WHAT THE TASK REQUIRES: Make an exact copy of all the entries, but do not reproduce the pictures.

SUPPLIED MATERIAL:

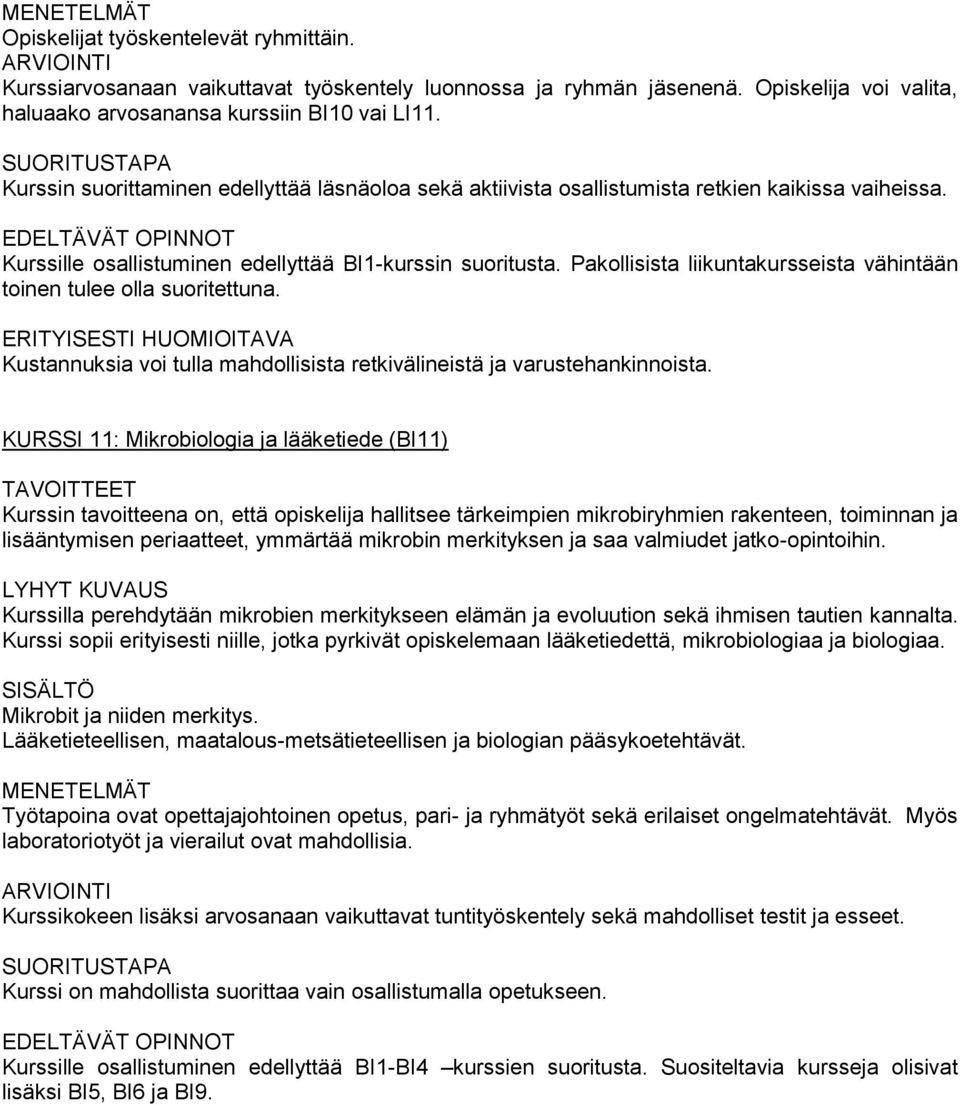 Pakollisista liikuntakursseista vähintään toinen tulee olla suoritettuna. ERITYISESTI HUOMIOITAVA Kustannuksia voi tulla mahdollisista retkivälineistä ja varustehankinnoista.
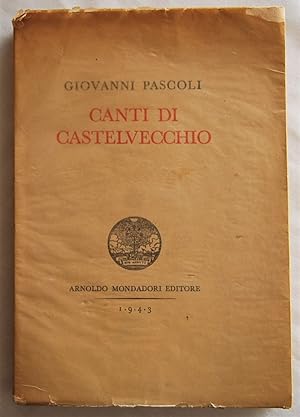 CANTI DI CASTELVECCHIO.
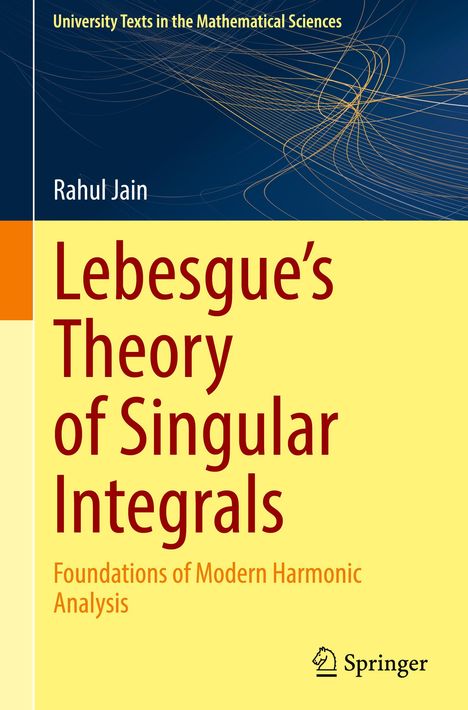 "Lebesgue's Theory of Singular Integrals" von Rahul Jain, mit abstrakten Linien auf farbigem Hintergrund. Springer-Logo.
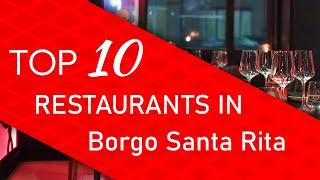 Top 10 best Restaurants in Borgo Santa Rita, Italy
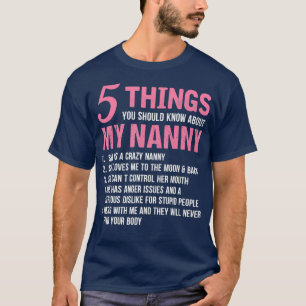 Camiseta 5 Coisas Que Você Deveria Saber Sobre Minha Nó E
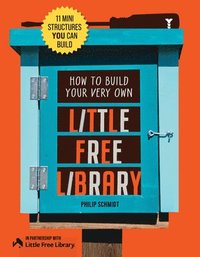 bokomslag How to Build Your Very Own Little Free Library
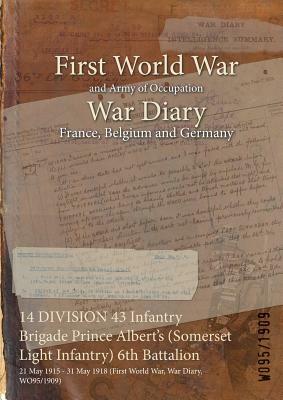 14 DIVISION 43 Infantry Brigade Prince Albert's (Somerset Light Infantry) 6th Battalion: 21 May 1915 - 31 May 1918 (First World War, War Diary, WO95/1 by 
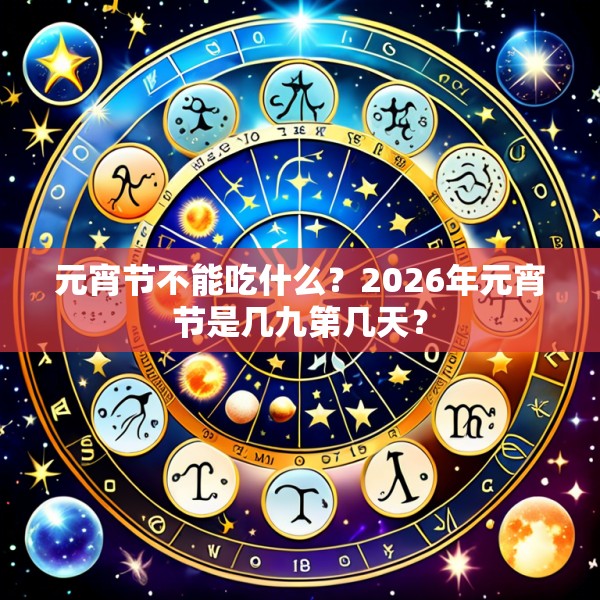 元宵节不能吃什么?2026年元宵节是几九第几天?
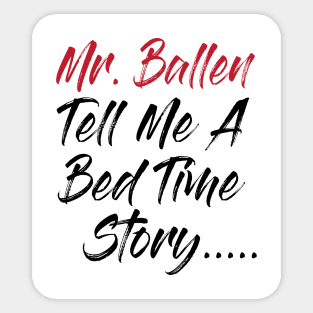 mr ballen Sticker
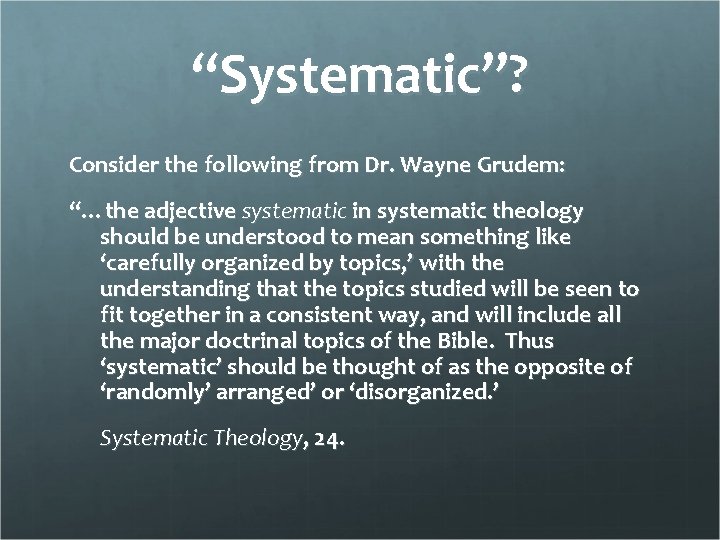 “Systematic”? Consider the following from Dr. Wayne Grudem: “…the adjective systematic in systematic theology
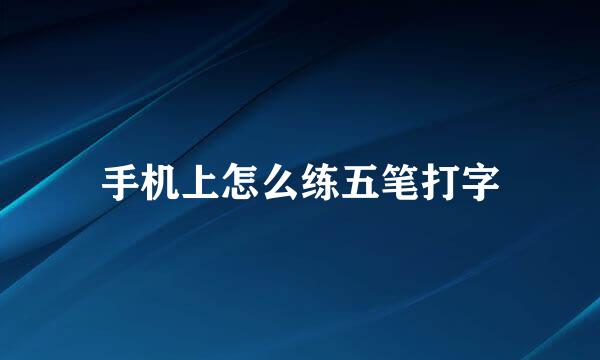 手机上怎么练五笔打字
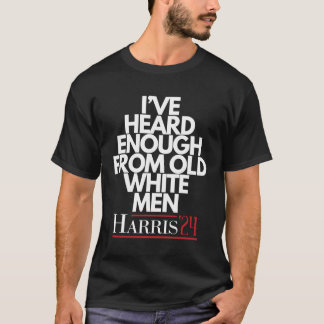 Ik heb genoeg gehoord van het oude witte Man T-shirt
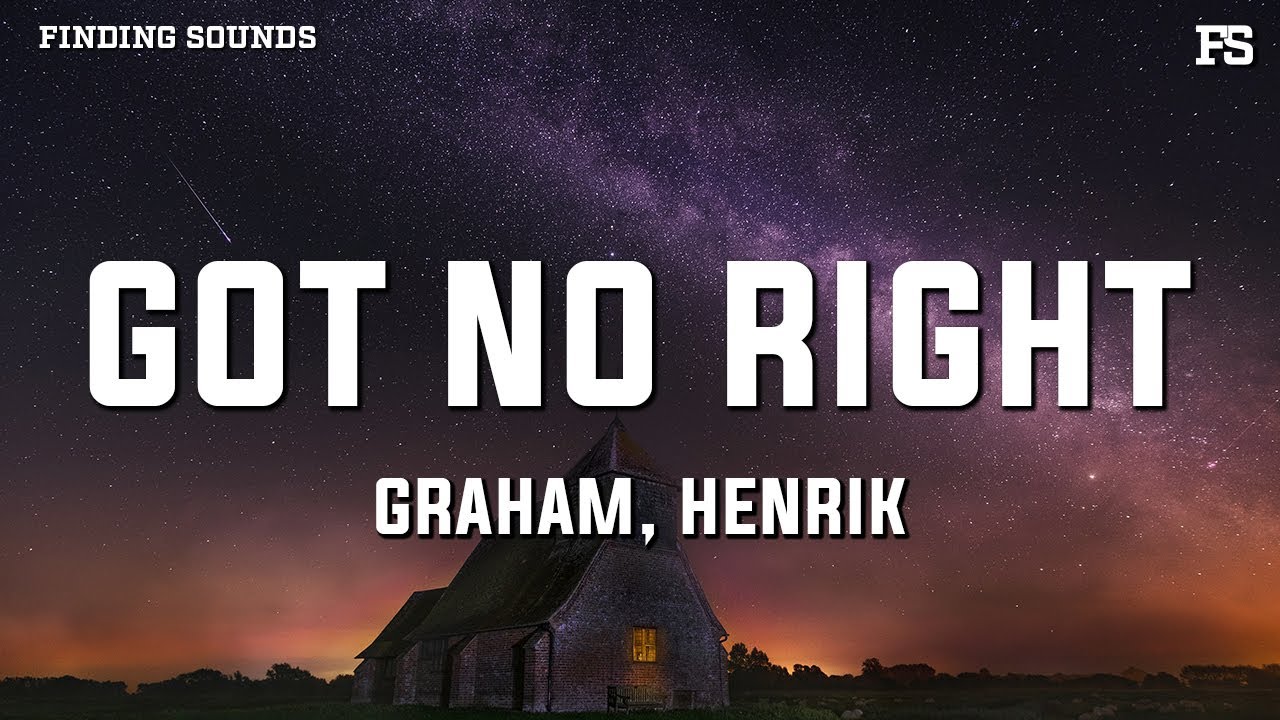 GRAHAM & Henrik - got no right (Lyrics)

ANSWER BOX:
 Pakollisista liikuntakursseista vähintään toinen tulee olla suoritettuna. ERITYISESTI HUOMIOITAVA Kustannuksia voi tulla mahdollisista retkivälineistä ja varustehankinnoista.
 CANTI DI CASTELVECCHIO.
 "Lebesgue's Theory of Singular Integrals" von Rahul Jain, mit abstrakten Linien auf farbigem Hintergrund. Springer-Logo.
 Top 10 best Restaurants in Borgo Santa Rita, Italy
 Camiseta 5 Coisas Que Você Deveria Saber Sobre Minha Nó E
 bokomslag How to Build Your Very Own Little Free Library
 14 DIVISION 43 Infantry Brigade Prince Albert's (Somerset Light Infantry) 6th Battalion: 21 May 1915 - 31 May 1918 (First World War, War Diary, WO95/1 by 
 元宵节不能吃什么?2026年元宵节是几九第几天?
 mr ballen Sticker
 “Systematic”? Consider the following from Dr. Wayne Grudem: “…the adjective systematic in systematic theology
 手机上怎么练五笔打字
 Ik heb genoeg gehoord van het oude witte Man T-shirt
 GRAHAM & Henrik - got no right (Lyrics)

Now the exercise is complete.